Quelles répercussions les récents attentats de New York auront-ils sur la situation au Proche-Orient?


On a pu craindre, au début, que ces attentats aboutiraient à une sorte de feu vert américain aux Israéliens pour en finir avec l’Autorité palestinienne. En fait, c’est le contraire qui se produit. Les Américains sont en train de créer une grande coalition contre le terrorisme. Dans ce contexte, ils ont besoin de l’appui des Arabes modérés, ainsi que d’un certain calme dans le monde musulman. La dernière chose qu’ils souhaitent est une explosion en Palestine. Ils exercent par conséquent une pression considérable sur Sharon pour qu’il permette les rencontres entre Arafat et Peres.
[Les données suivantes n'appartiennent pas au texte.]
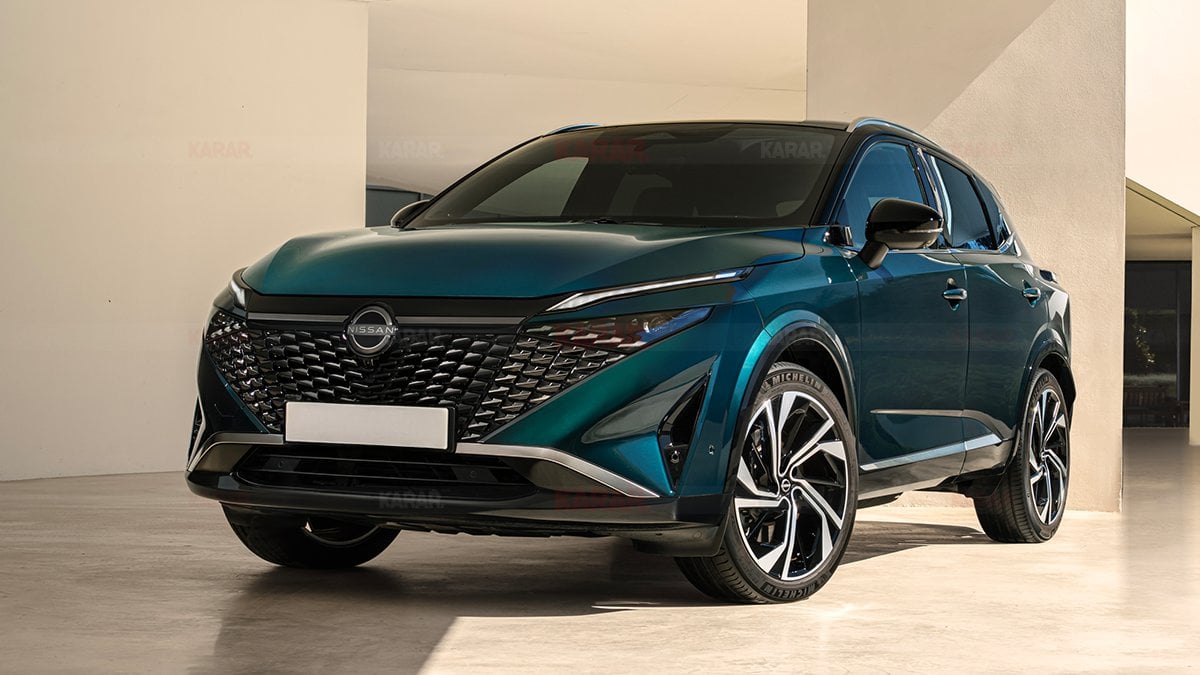 Nissan’dan nakit akışı hamlesi: Elektrikli gelecek için tedarikçiler bekleyecek!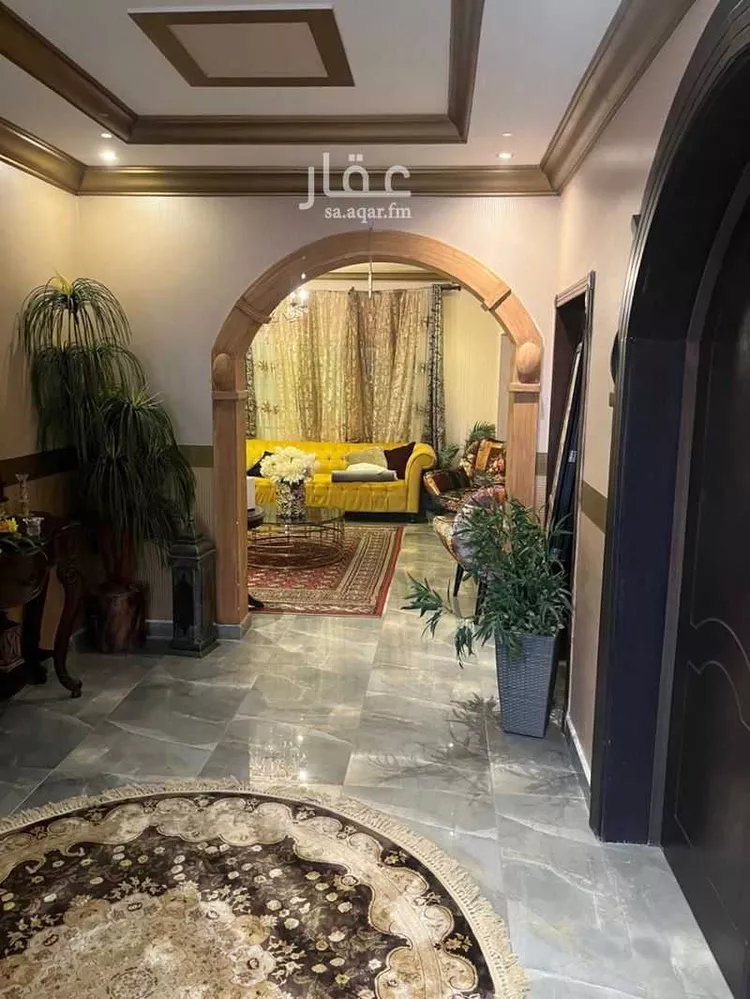 فيلا للبيع في شارع ابن ابي الجود, حي الحمدانية, مدينة جدة, منطقة مكة المكرمة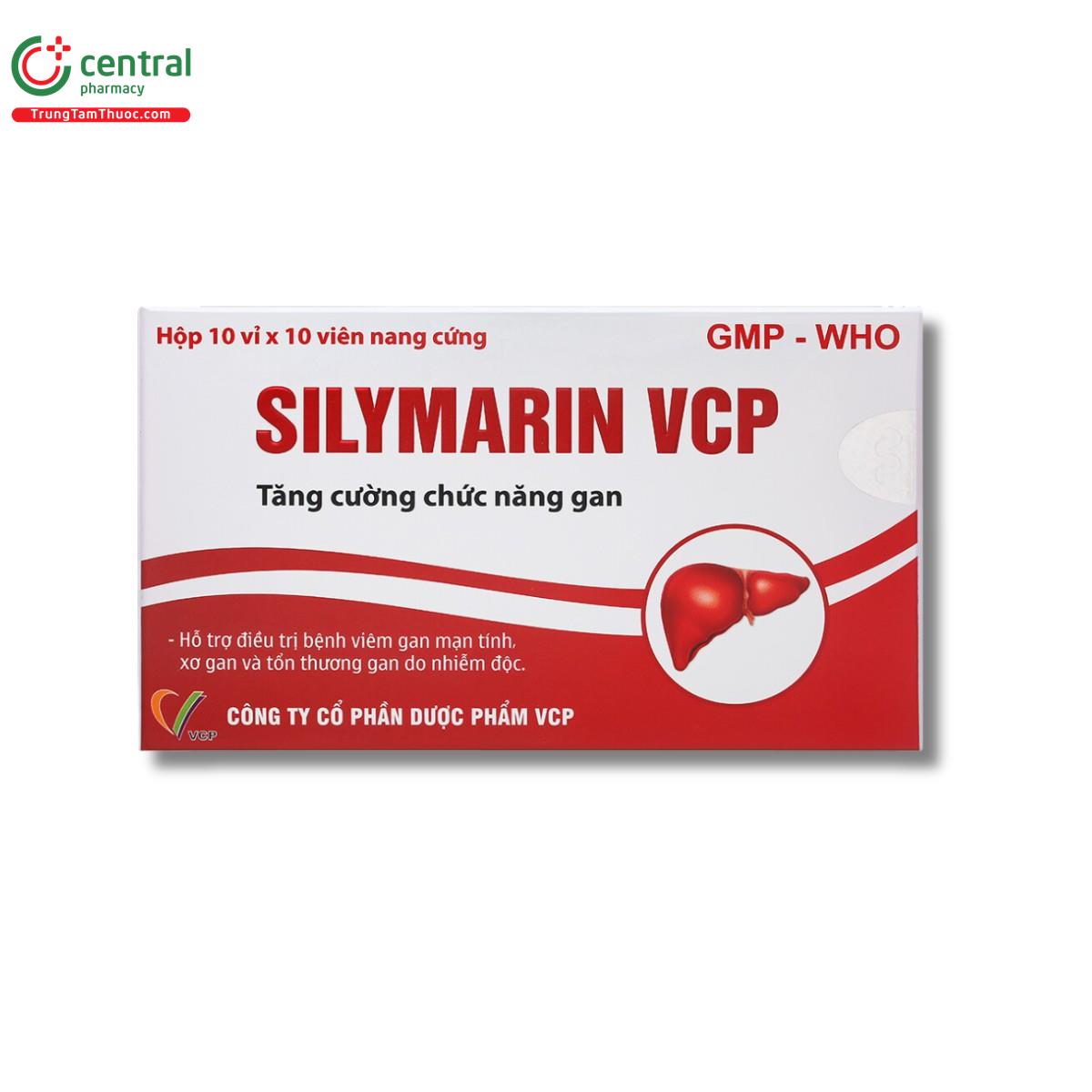 silymarin vcp 140 mg 4 A0854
Vous considérez l’idée d’un Etat binational comme utopique. Cela ne revient-il pas à souhaiter la création d’Etats ethniquement homogènes?


Tirons un parallèle avec la Yougoslavie. Je préfère la Fédération yougoslave à ce qui s’est mis en place depuis lors. Du point de vue du rapport entre les nationalités, la Fédération était de toute évidence supérieure à la situation présente. On n’en finit jamais avec l’homogénéité ethnique: le conflit est passé de la Croatie à la Bosnie, puis au Kosovo, puis à la Macédoine, et à chaque fois, une nouvelle «ethnie» était mise en minorité.


En même temps, il y a les rapports de force concrets, qui jouent fortement en Palestine. Le dépassement des nationalismes – qui, à mon avis, est réellement à l’ordre du jour – ne peut s’effectuer que lorsque les nationalités ont réalisé pleinement leurs aspirations. Ce n’est qu’à partir de la création de l’Etat palestinien qu’un nouvel éclairage sera jeté sur les limites du projet national de ce peuple. Il sera dès lors possible d’envisager autre chose, par exemple des entités pluri- ou supranationales. L’adjectif «utopique» n’était pas pour moi péjoratif, il désignait une réalité éloignée, mais envisageable à terme.


* Propos recueillis par Razmig Keucheyan



  1. Voir par exemple «Les 100 portes du Proche-Orient» (avec Dominique Vidal, L’Atelier, 1996) et «L’Islam en questions» (avec Tariq Ramadan, Actes Sud, 2001).
  2. Perry Anderson, «Scurrying towards Bethlehem», New Left Review, juillet-août 2001.
  3. Edward Saïd, «America’s last taboo», New Left Review, novembre-décembre 2000.